24 March, 2006 | Leave a Comment
Last month I reviewed Michael Haneke’s film Hidden (Caché). Haneke is Austrian but he works in French (he directed The Piano Teacher with Isabelle Huppert). I was intrigued by his work and wanted to see more, which led me to rent the DVD of his 2000 film Code Unknown. The film stars Juliette Binoche, who was also in Hidden, playing a character with the same exact name. Many of the actors in Hidden also appeared in Code Unknown, though the two films are only linked thematically as far as I can tell.
Code Unknown is a series of interlocking stories dealing with racial, class and cultural conflicts in modern-day Europe. After seeing the film, there is no doubt that it very obviously resembles this year’s Academy Award-winning abomination Crash. One of these filmmakers surely copied the other and given that Code Unknown was released several years before Crash, I can only come to one conclusion. Crash is a really bad L.A. version of Code Unknown.
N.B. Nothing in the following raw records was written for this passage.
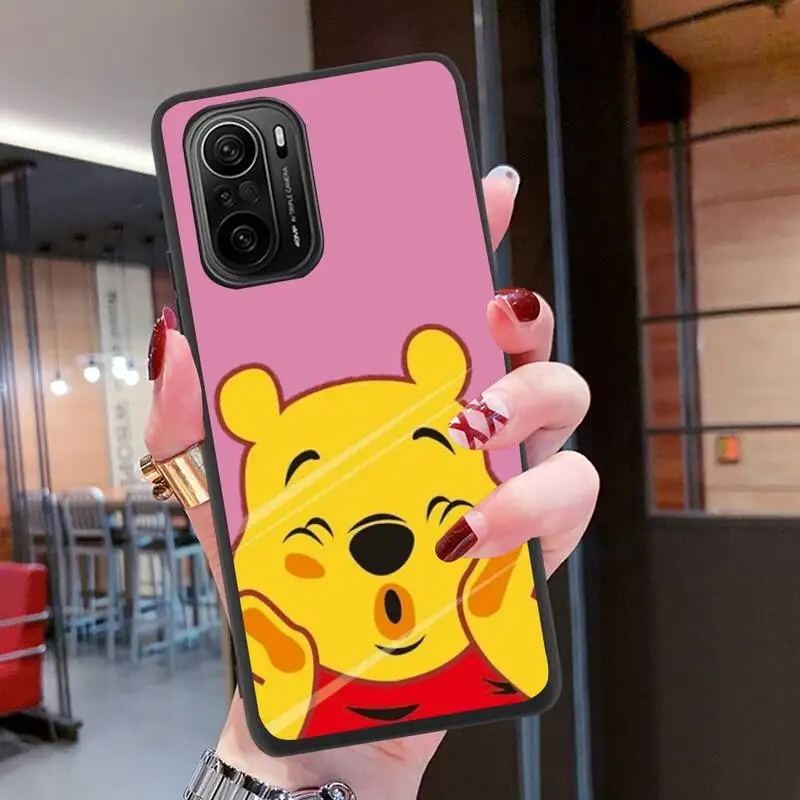 Cute Cartoon Pooh Bear Phone Case Silicone soft for Redmi 9A 8A Note 11 10 9 8 8T Redmi 9 K20 K30 K40 Pro Max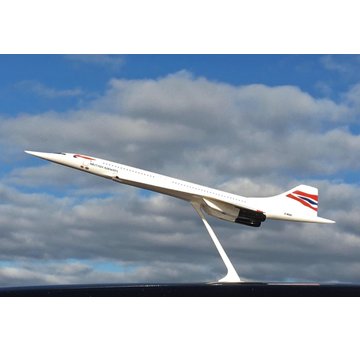 PPC Models Concorde British Airways Union Jack livery G-BOAC 1:250 with stand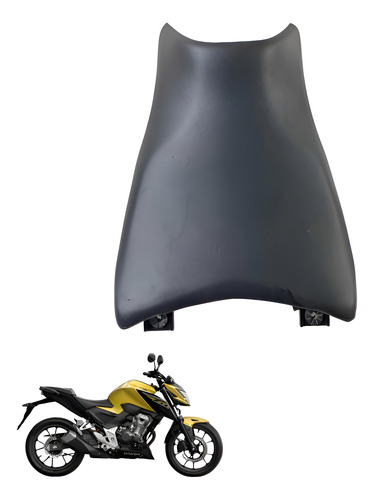 Banco Piloto Dianteira Honda Cb 300f C/detalhe -998 Preto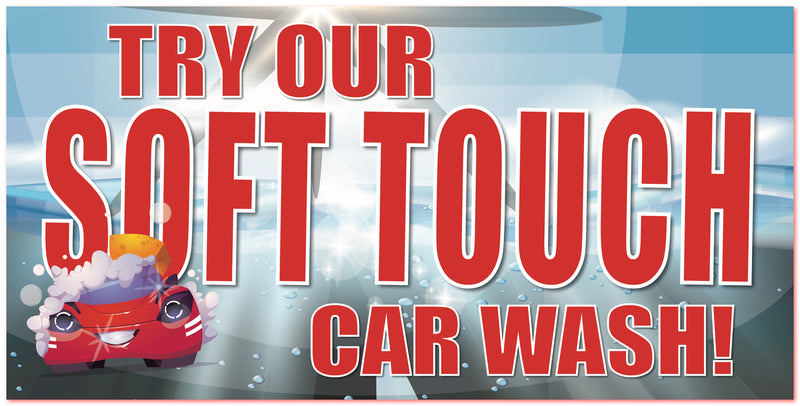 Car Wash Banner-Soft Touch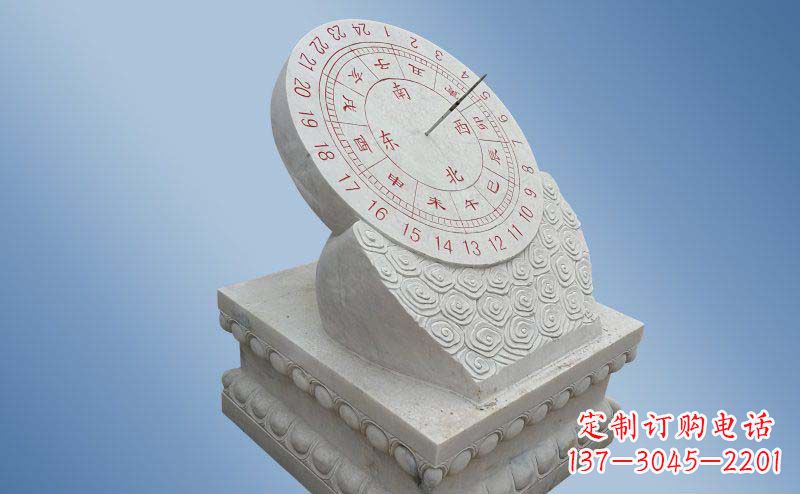 南通精致古典大理石日晷雕塑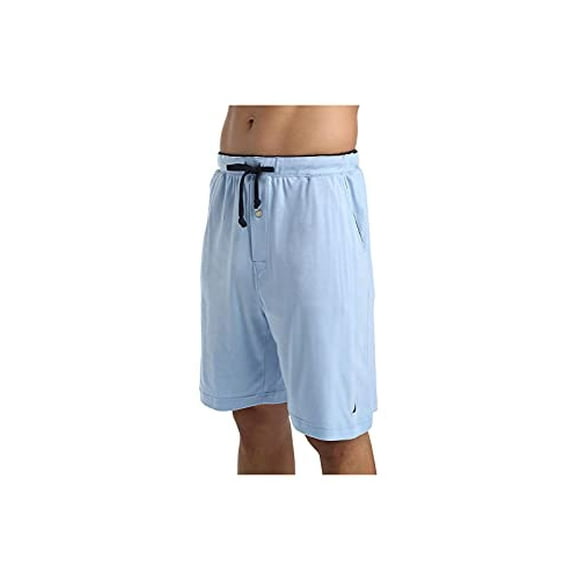 Nautica Short de Détente en Tricot Doux pour Hommes, Bleu Midi, Très Grand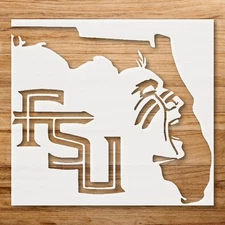 FSU Logo Custom Painting Stencil for Collegiate Home Decor - StencilAir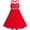 Red, variant on Girls Dress Rhinestone Chiffon Dance Ball Maxi Gown 12 Years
The two films offer a marvelous opportunity to compare European and Hollywood styles of filmmaking. While Crash could have been written by an 8th-grade remedial English student, Code Unknown actually respects the intelligence of the audience. While Crash is offensive in its obviousness, Code Unknown makes the audience work. While Crash features stereotypes rather than characters and then dares you not to sympathize with them and/or despise them (nothing about Crash is subtle), Code Unknown creates real characters and puts you in their shoes so that you feel what they feel. This list could go on forever, but you get the idea.
This is not to say that Code Unknown is a perfect film. It’s not. I agree with the NYT reviewer who stated that one of Haneke’s flaws is his tendency to be cryptic. Both Hidden and Code Unknown have endings that leave the audience wondering a bit too much. But compared to Crash, Code Unknown is a masterpiece.